→ **Brief descriptive captions**:
*** Block opens ***

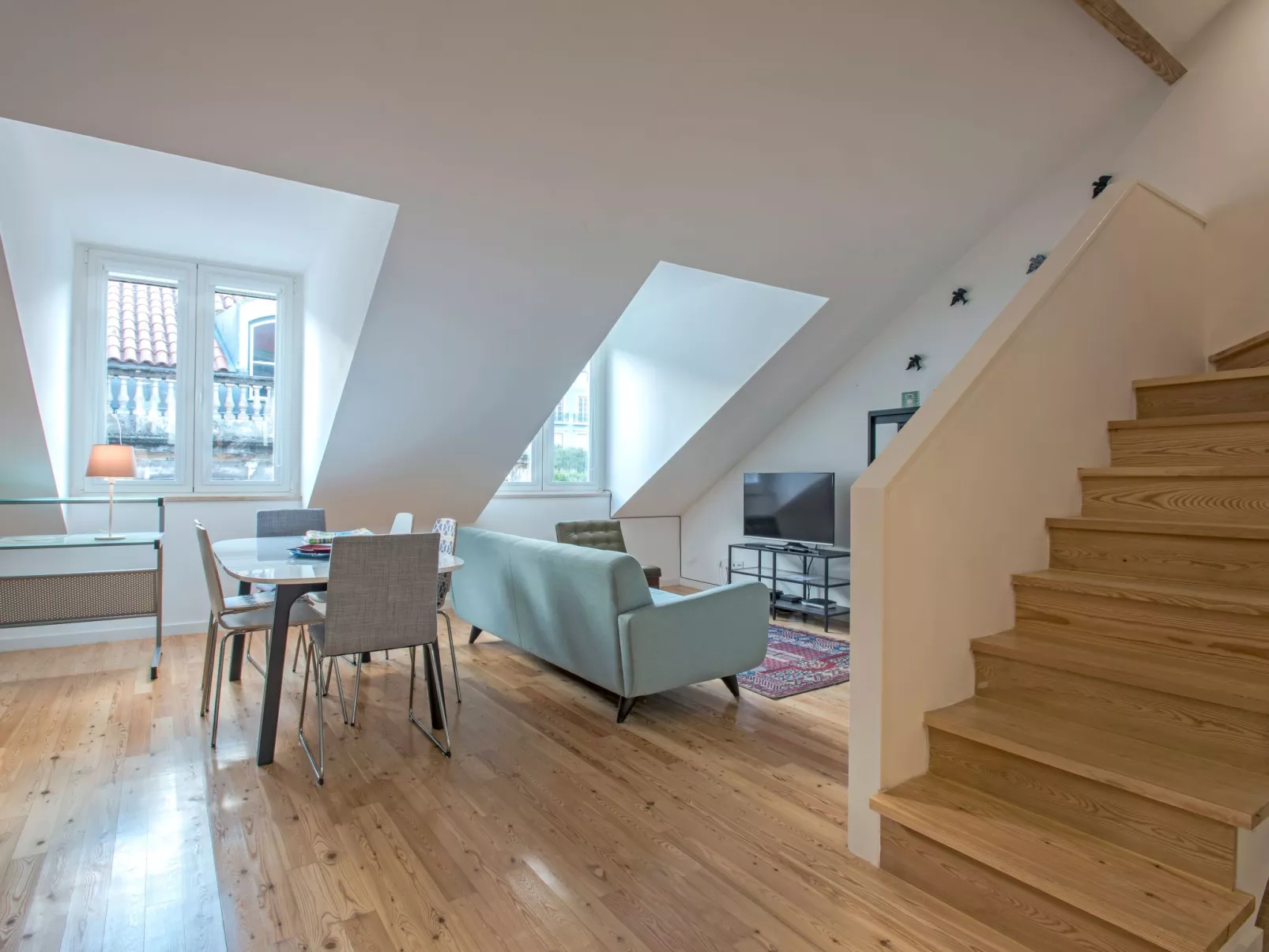 Boutique im Stadtzentrum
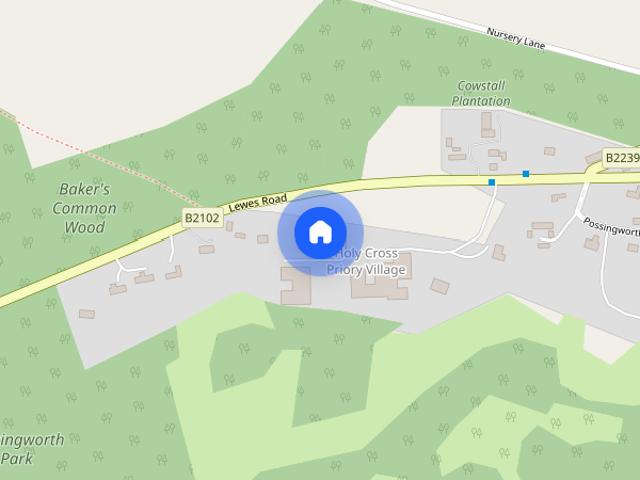 Apartment for rent in Holy Cross Priory Village, Wealden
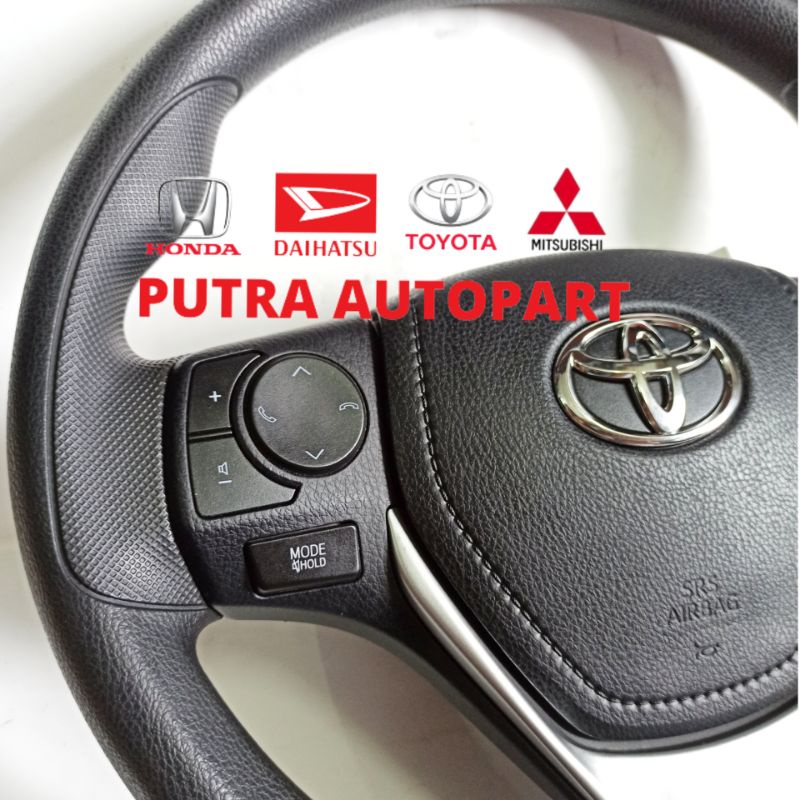 stir setir yaris vios 2018up original toyota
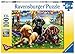 Price comparison product image Ravensburger Puppy Picnic 100 Piece Jigsaw Puzzle with Extra Large Pieces For Kids Age 6 Years and Up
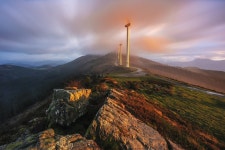 ID:981003 - Wallpaper Abyss  Wind Turbine HD Wallpaper | Background Image | 2048x1367 | ID:981003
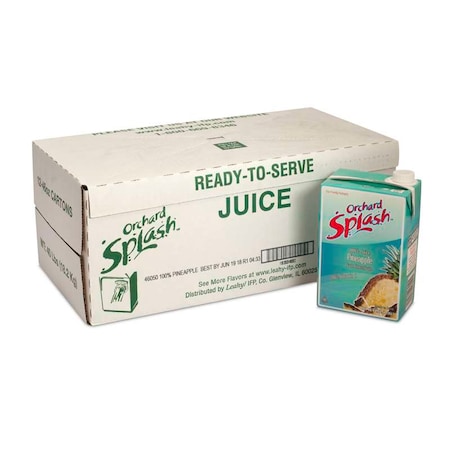 Orchard Splash Orchard Splash-46 oz. RTD Pineapple 100%, PK12 46050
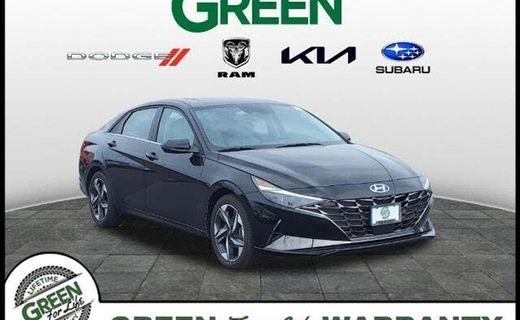 2021 Hyundai Elantra Limited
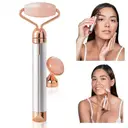Фото 1 — Електричний ролик - масажер для обличчя Flawless Contour · Кварцовий вібромасажер для обличчя з насадками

*** Block closes ***

→ **The task**: Each entry above should be copied word for word, with the images omitted.

→ **Result of the exercise**:
 Boutique im Stadtzentrum
 Apartment for rent in Holy Cross Priory Village, Wealden
 stir setir yaris vios 2018up original toyota
 Price comparison product image Ravensburger Puppy Picnic 100 Piece Jigsaw Puzzle with Extra Large Pieces For Kids Age 6 Years and Up
 ID:981003 - Wallpaper Abyss  Wind Turbine HD Wallpaper | Background Image | 2048x1367 | ID:981003
 Orchard Splash Orchard Splash-46 oz. RTD Pineapple 100%, PK12 46050
 2021 Hyundai Elantra Limited
Фото 1 — Електричний ролик - масажер для обличчя Flawless Contour · Кварцовий вібромасажер для обличчя з насадками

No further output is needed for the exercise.